(Information shown)
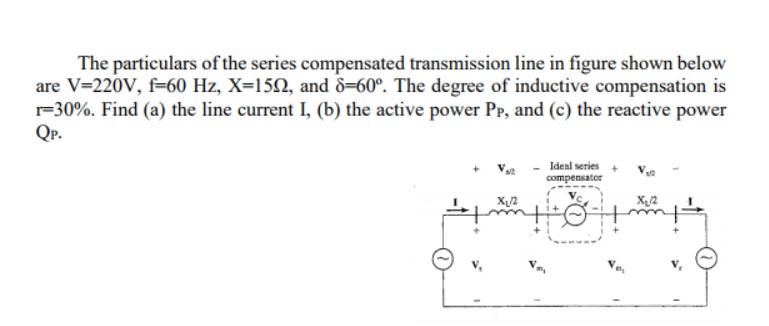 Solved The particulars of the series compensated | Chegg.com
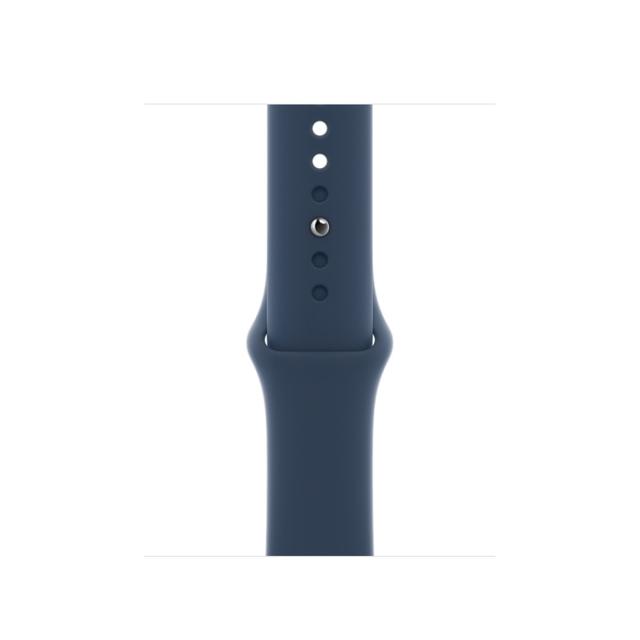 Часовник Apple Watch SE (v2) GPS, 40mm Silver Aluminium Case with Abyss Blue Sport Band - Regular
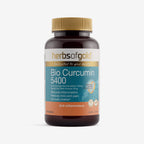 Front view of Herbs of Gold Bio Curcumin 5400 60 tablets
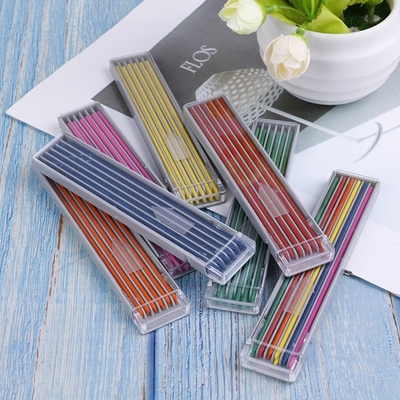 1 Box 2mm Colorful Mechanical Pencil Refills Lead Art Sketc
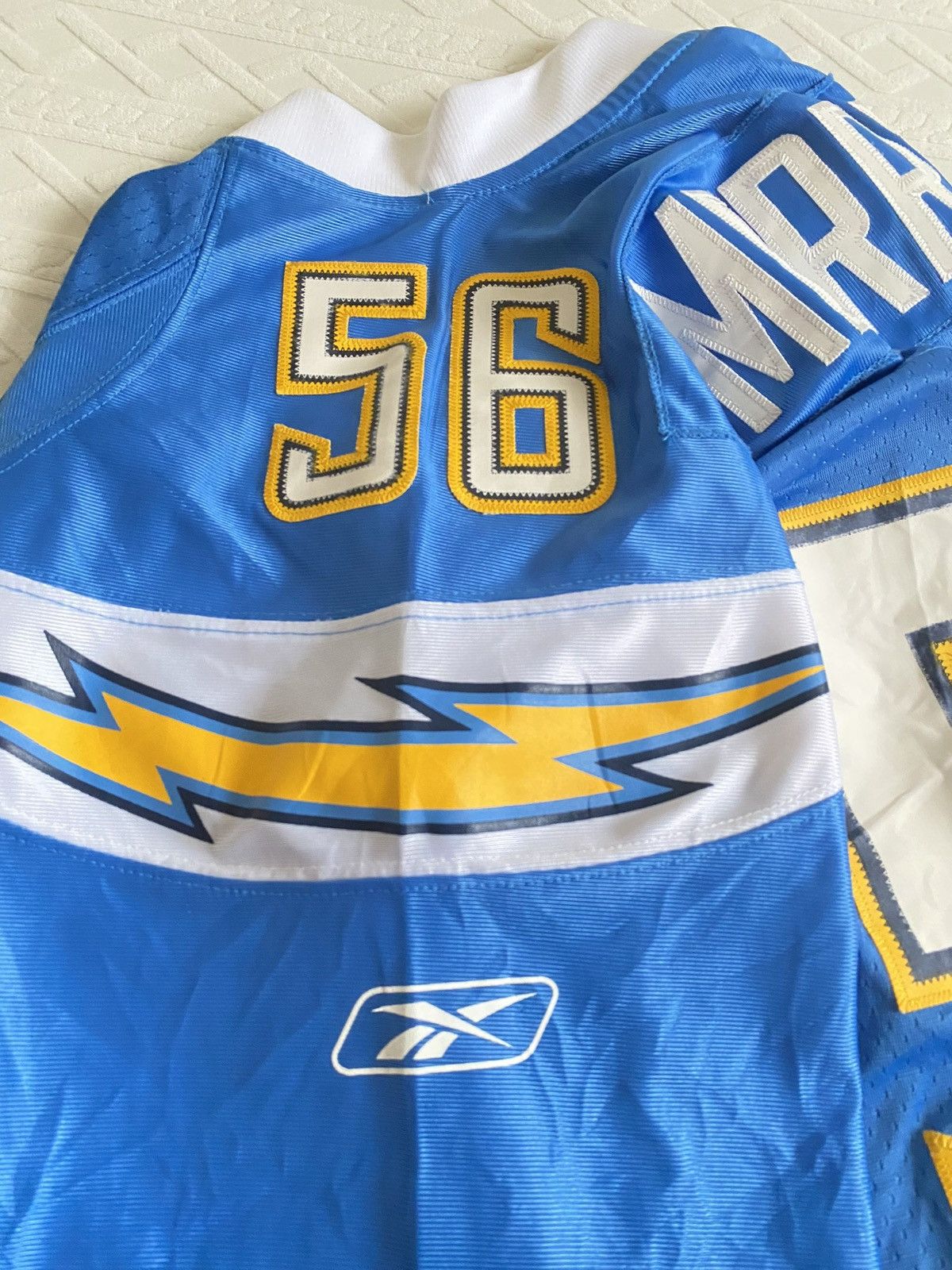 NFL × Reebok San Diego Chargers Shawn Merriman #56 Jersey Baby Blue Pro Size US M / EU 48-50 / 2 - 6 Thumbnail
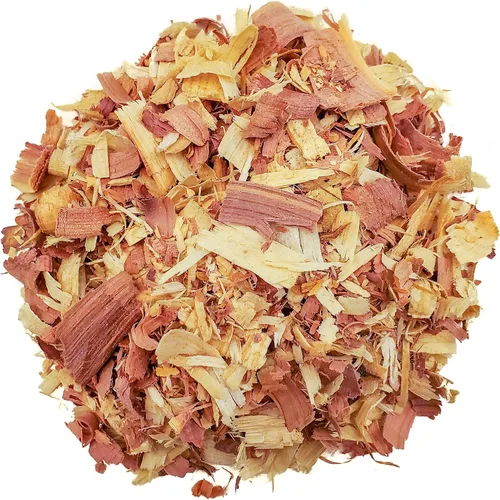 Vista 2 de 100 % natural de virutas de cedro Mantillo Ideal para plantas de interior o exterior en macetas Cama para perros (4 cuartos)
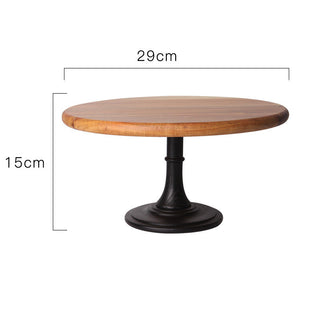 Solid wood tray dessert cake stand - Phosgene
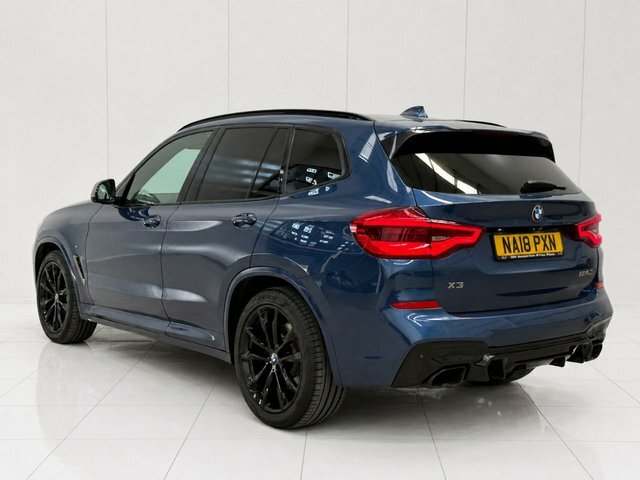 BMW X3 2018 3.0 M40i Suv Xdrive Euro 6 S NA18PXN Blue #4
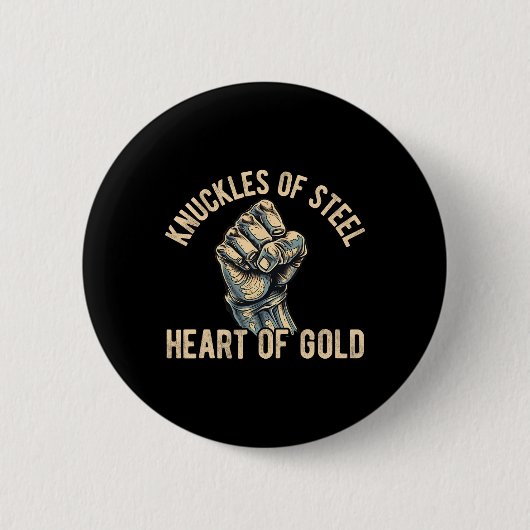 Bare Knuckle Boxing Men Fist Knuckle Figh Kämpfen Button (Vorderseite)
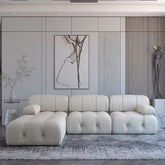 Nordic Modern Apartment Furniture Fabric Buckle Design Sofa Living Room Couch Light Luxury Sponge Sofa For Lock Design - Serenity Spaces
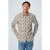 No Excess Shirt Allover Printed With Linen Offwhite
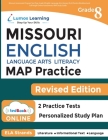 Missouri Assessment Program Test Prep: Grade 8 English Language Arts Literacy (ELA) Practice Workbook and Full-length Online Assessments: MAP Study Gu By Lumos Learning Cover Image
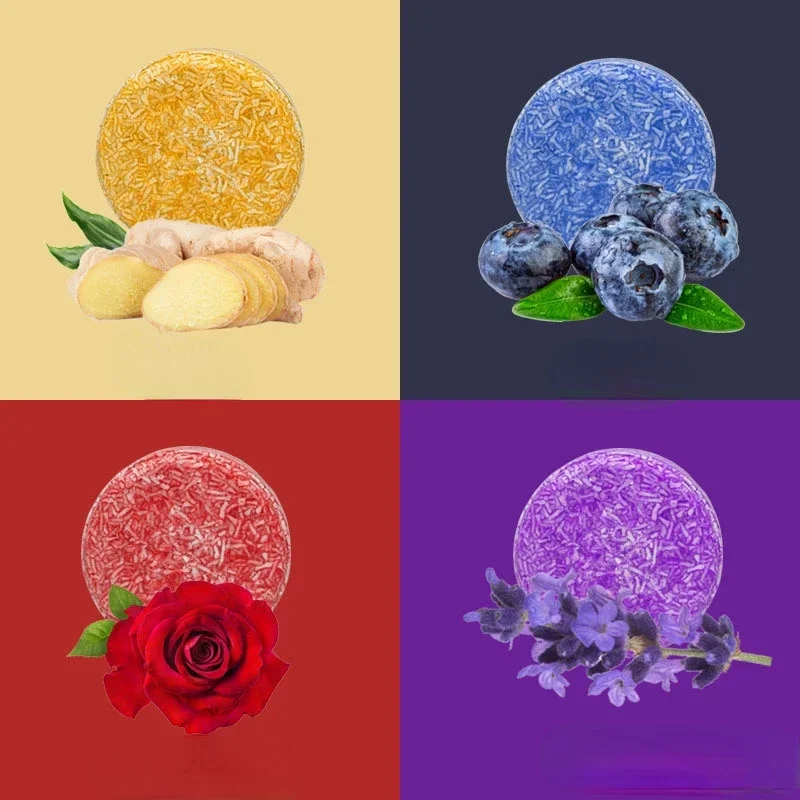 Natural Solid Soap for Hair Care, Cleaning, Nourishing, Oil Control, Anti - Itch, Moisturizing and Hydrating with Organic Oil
(End Information shown)
* _Aim of the task_
Leave out all images, then reproduce the entries above exactly.

* _Written response_
 Solved The particulars of the series compensated | Chegg.com
 Часовник Apple Watch SE (v2) GPS, 40mm Silver Aluminium Case with Abyss Blue Sport Band - Regular
 Front view of Herbs of Gold Bio Curcumin 5400 60 tablets
 1 Box 2mm Colorful Mechanical Pencil Refills Lead Art Sketc
 NFL × Reebok San Diego Chargers Shawn Merriman #56 Jersey Baby Blue Pro Size US M / EU 48-50 / 2 - 6 Thumbnail
 Vista 2 de 100 % natural de virutas de cedro Mantillo Ideal para plantas de interior o exterior en macetas Cama para perros (4 cuartos)
 Solid wood tray dessert cake stand - Phosgene
 BMW X3 2018 3.0 M40i Suv Xdrive Euro 6 S NA18PXN Blue #4
 Bare Knuckle Boxing Men Fist Knuckle Figh Kämpfen Button (Vorderseite)
 Nordic Modern Apartment Furniture Fabric Buckle Design Sofa Living Room Couch Light Luxury Sponge Sofa For Lock Design - Serenity Spaces
 No Excess Shirt Allover Printed With Linen Offwhite
 Missouri Assessment Program Test Prep: Grade 8 English Language Arts Literacy (ELA) Practice Workbook and Full-length Online Assessments: MAP Study Gu By Lumos Learning Cover Image
 Natural Solid Soap for Hair Care, Cleaning, Nourishing, Oil Control, Anti - Itch, Moisturizing and Hydrating with Organic Oil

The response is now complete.